__Description of the task__
Output the listing exactly, without its pictures.

__Available data__

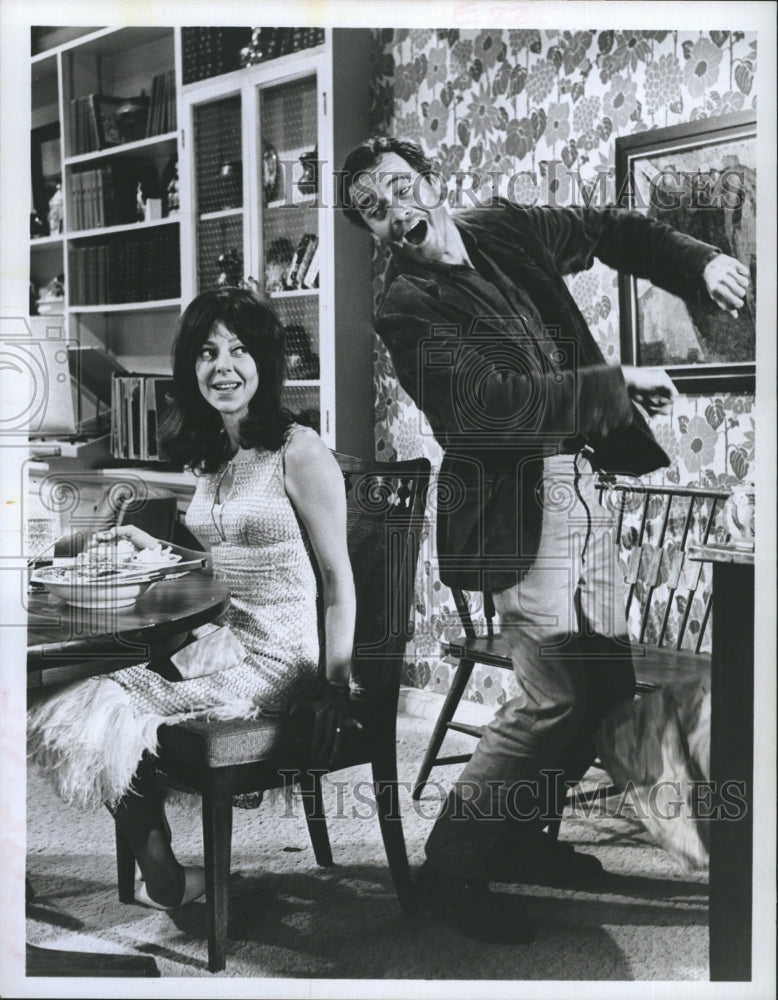 1972 actress Elaine May  - Historic Images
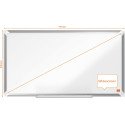 Nobo Premium Plus Steel Magnetic Whiteboard 710x400mm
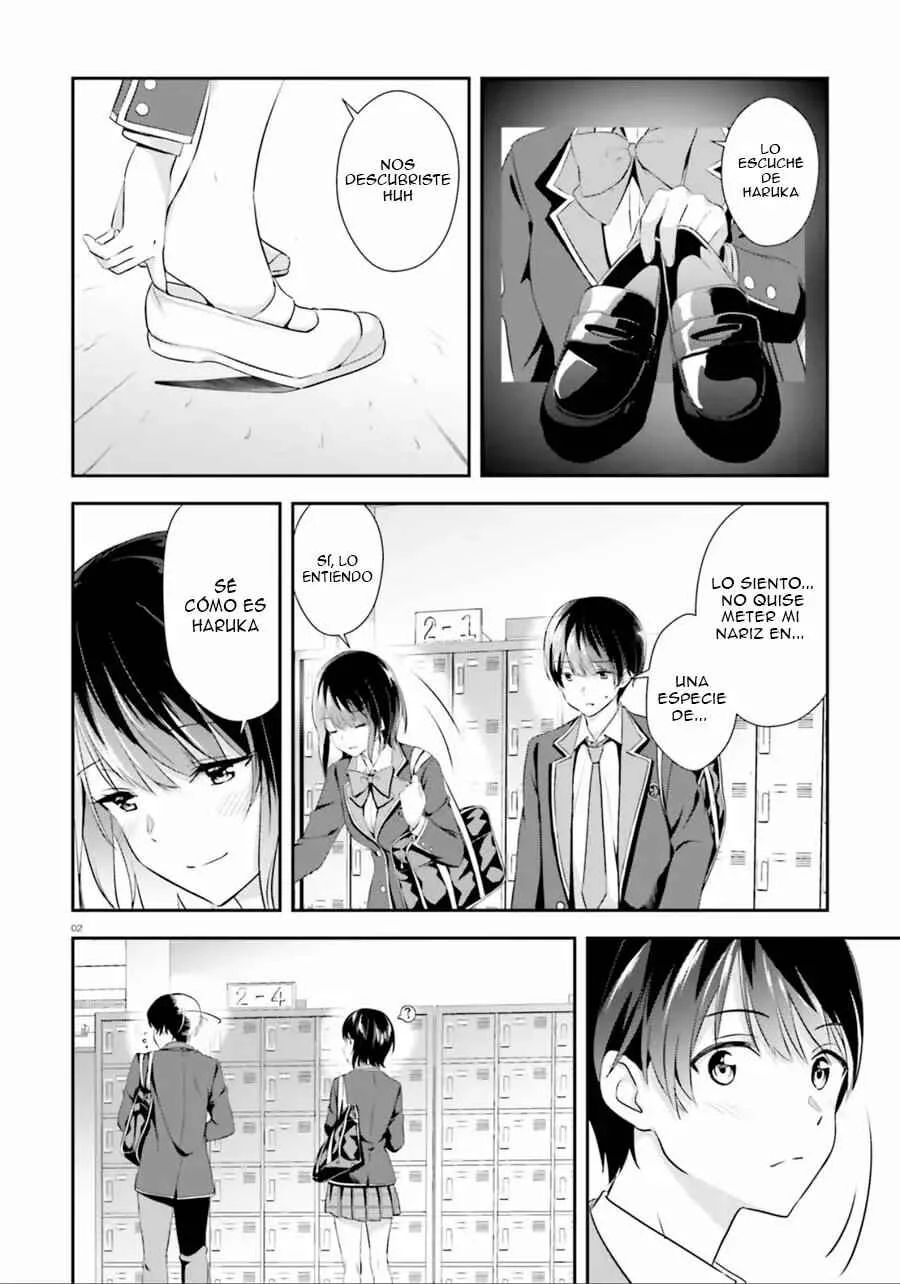Bizarre Love Triangle Capítulo 3 - Page 3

__Response to the exercise__
 1972 actress Elaine May  - Historic Images
 Nobo Premium Plus Steel Magnetic Whiteboard 710x400mm
Bizarre Love Triangle Capítulo 3 - Page 3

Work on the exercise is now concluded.